On Tuesday, at the opening ceremony of the POWs gathering, Plumb, now 80, sat with Mike McGrath, who was 27 when he was shot down near Hanoi on his 179th combat mission.

McGrath, who retired as a Naval captain in 1987, flew an A4C Skyhawk off the USS Constellation. The two pilots shared some stories and then McGrath lead an impromptu tour of the Nixon Library’s newly opened exhibit, “Captured: Shot Down in Vietnam.”

Among the artifacts was a book, “Prisoner of War,” that McGrath wrote and illustrated and presented to Nixon during a previous POW reunion at the Western White House in San Clemente. The book had been found in Nixon’s archives and is now on display in the presidential library.

As McGrath toured the exhibit, explaining the secret codes used by the prisoners, he ran into other POW veterans, including Mike Brazelton, who invented another code used by the prison. An Air Force pilot, he was among the longest to be held captive.

“They kept watching us day and night to see if we were communicating,” McGrath, 83, said as he leaned on the exhibit wall and tapped a rhythm of knocks that spelled out how he was doing. “If they caught us, they would torture us.”

As he continued to look at artifacts in the exhibit, McGrath found a map of Hanoi that showed the various camps prisoners were rotated between. McGrath said he was at a camp dubbed Dog Patch, about 50 miles from the Chinese border, when he found out that he and the others would be freed.
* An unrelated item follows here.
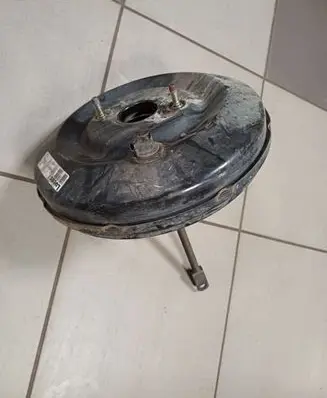 Opel Zafira A Brake booster 90498034
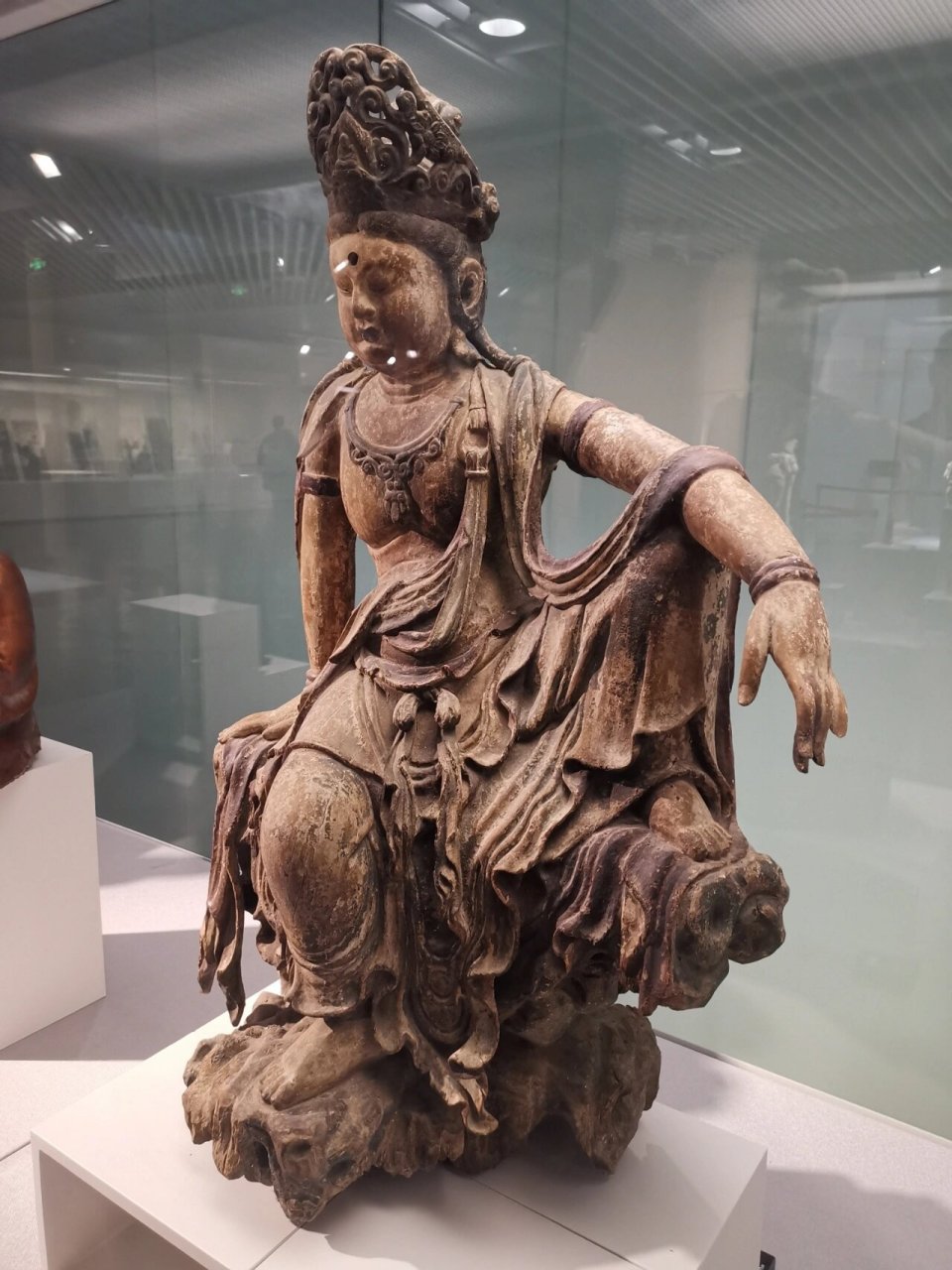 南京博物院那些美轮美奂的佛像 这件宋代木雕水月观音真是潇洒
It was the first time, he said, that he met many of the men he had been communicating with through their secret codes. The prisoners were flown from Vietnam in C-140s and landed at Clark Air Force Base in the Philippines. From there they were returned to their respective towns across the United States.

“We all bounced back and many of us stayed in the military,” McGrath said. “We just got over it. We just happened to have a six-year prison experience. In a healthy life, you press on and you don’t harbor a grudge.”

The importance of the reunion event wasn’t lost to those who lived near the library. Dozens lined Yorba Linda Boulevard to see the parade of POWs, including 16-year-old Connor Udhus, who skipped a few classes to attend.

“I think there is significant importance to honoring the POWs; I think they went through hell,” the teen dressed in a patriotic shirt said. “It’s so important to show respect.”

Across the street, a group of kids in pre-school through high school from a local homeschool program belted out “God Bless America” as the POWs paraded by.

After the parade, a flyover and tours of the presidential library, the POWs and their families were treated to a barbecue and concert.

Among them was Brain Ward, an Air Force navigator “backseater,” who was shot down in 1972 with his pilot.

The San Pedro resident was looking forward to the replica dinner planned for Wednesday, remembering well the one 50 years ago that included celebrities like John Wayne and Irving Berlin. He also had a personal greeting from Nixon.

“It was grand,” Ward said, but added that he had mixed emotions because, unlike many Vietnam veterans, he was celebrated as a hero with an elaborate homecoming, while the others were shunned by an American population that had started to question the war and wanted troops withdrawn.

“No one wanted to hear their story, but they wanted to hear mine,” he said. “They had a different experience.”

The reunion was bittersweet for other as well; many expected it to be the last big gathering of the POWs.

“It’s almost a farewell; it’s bittersweet,” McGrath said. “I’ll never get to see these guys again.”